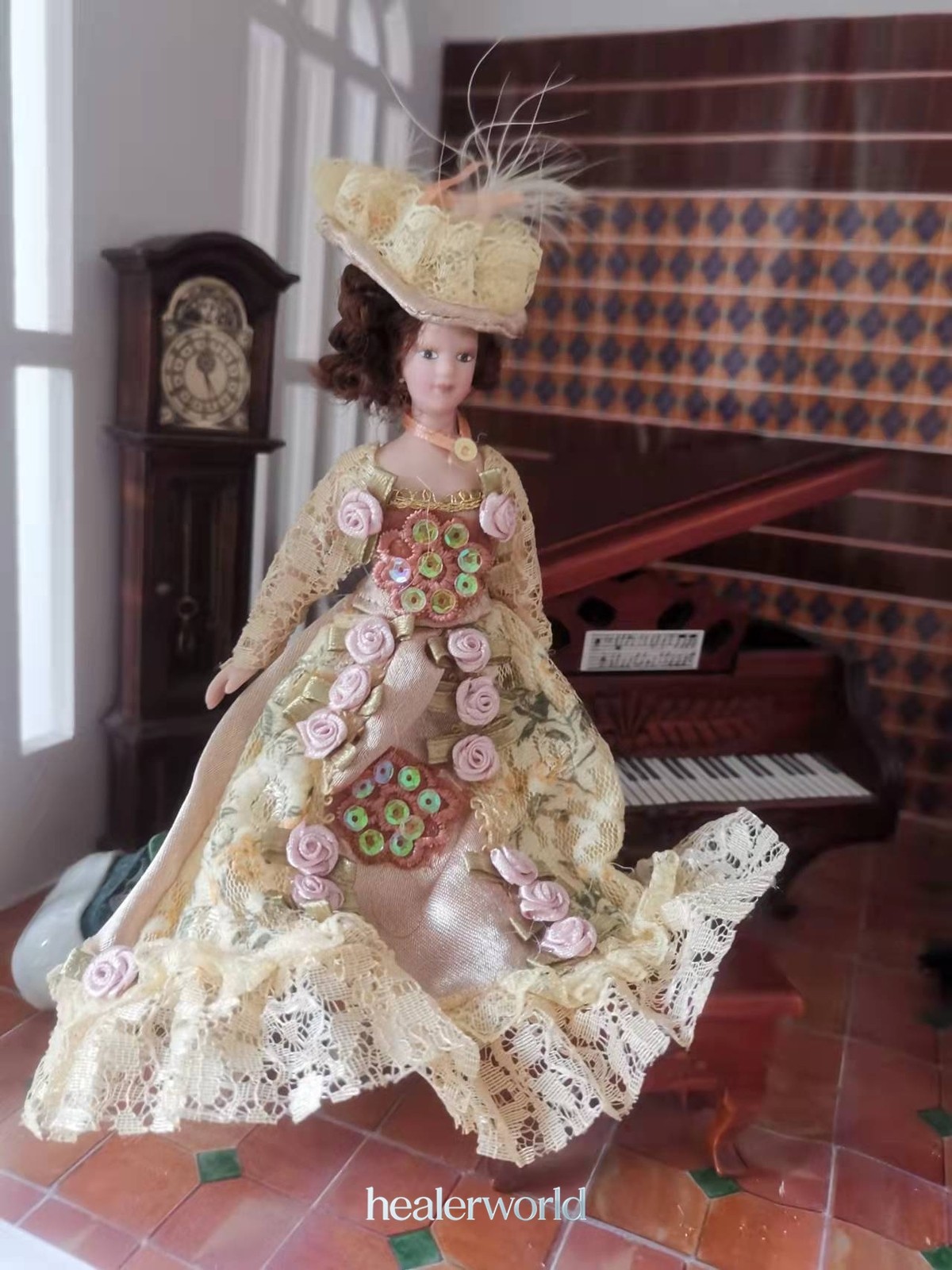Doll House Miniature 1/12 Scale Royal Princess Victorian Ceramic Dolls Girl Toy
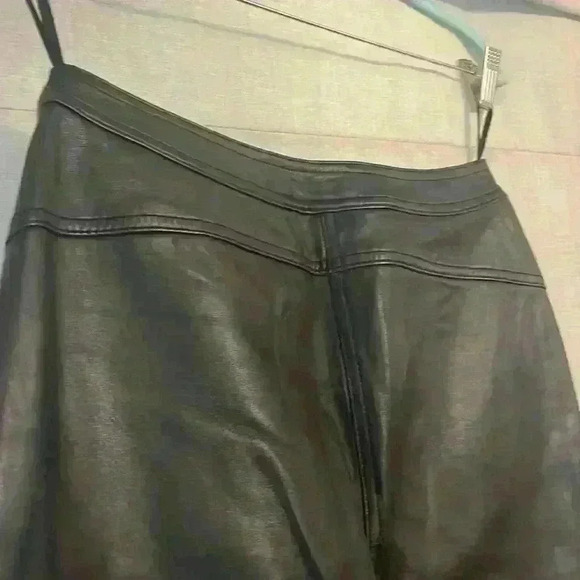 100% leather pants, like new! No flaws. - Picture 6 of 7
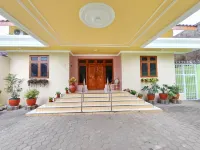 Nana's Cozy Home Hotels in Kejaksan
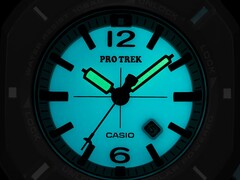 Casio Pro Trek PRJ-01AE-8 mit leuchtend türkisfarbenem Zifferblatt und Zeigern im Dunkeln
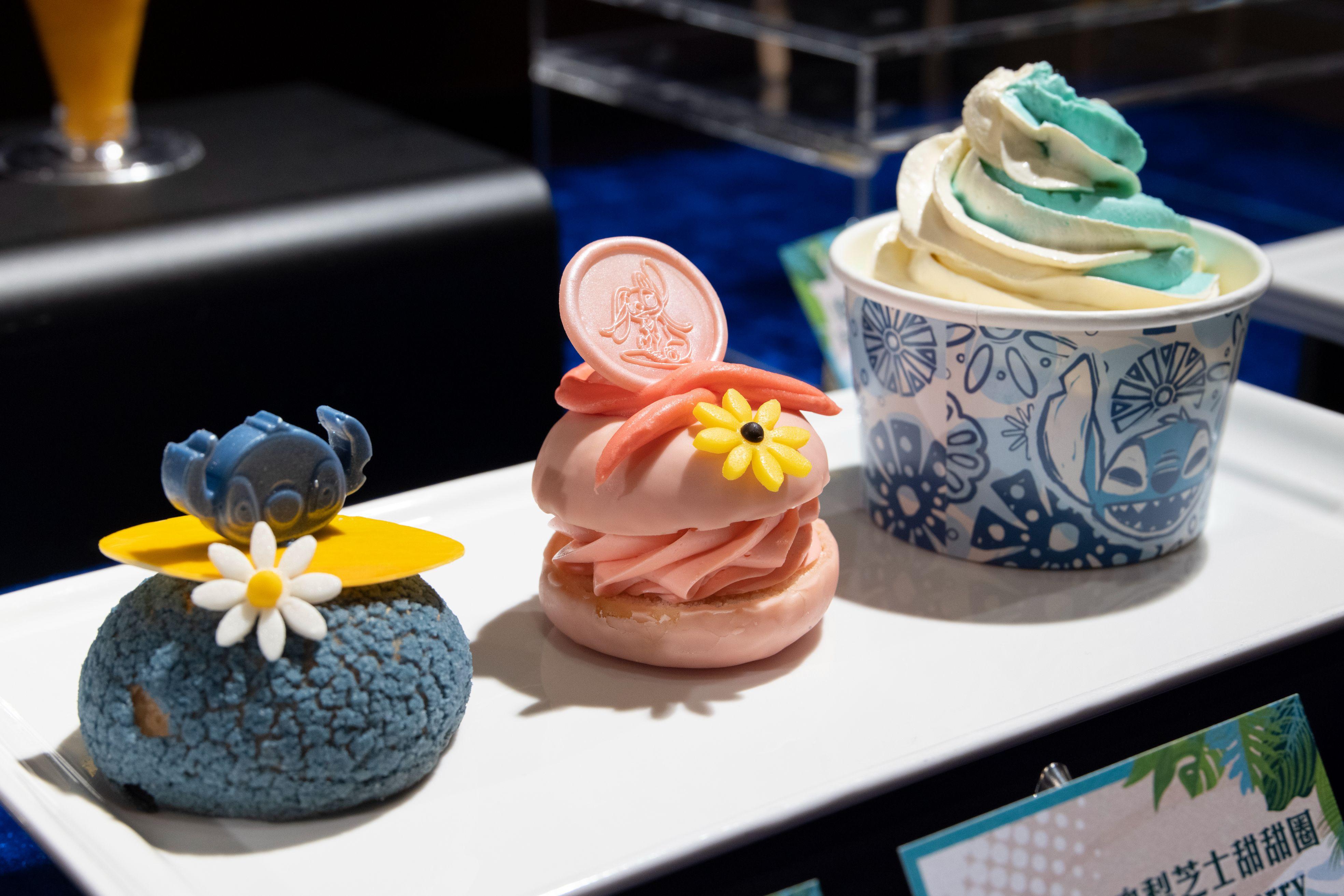 史迪仔主題伯爵茶朱古力泡芙 $50;安琪主題低脂士多啤梨芝士甜甜圈 $38;史迪仔軟雪糕杯 $50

══════════

Leave out the pictures and output everything else in the records exactly.

→ **REPLY**
Doll House Miniature 1/12 Scale Royal Princess Victorian Ceramic Dolls Girl Toy
 100% leather pants, like new! No flaws. - Picture 6 of 7
 Nana's Cozy Home Hotels in Kejaksan
 Casio Pro Trek PRJ-01AE-8 mit leuchtend türkisfarbenem Zifferblatt und Zeigern im Dunkeln
 史迪仔主題伯爵茶朱古力泡芙 $50;安琪主題低脂士多啤梨芝士甜甜圈 $38;史迪仔軟雪糕杯 $50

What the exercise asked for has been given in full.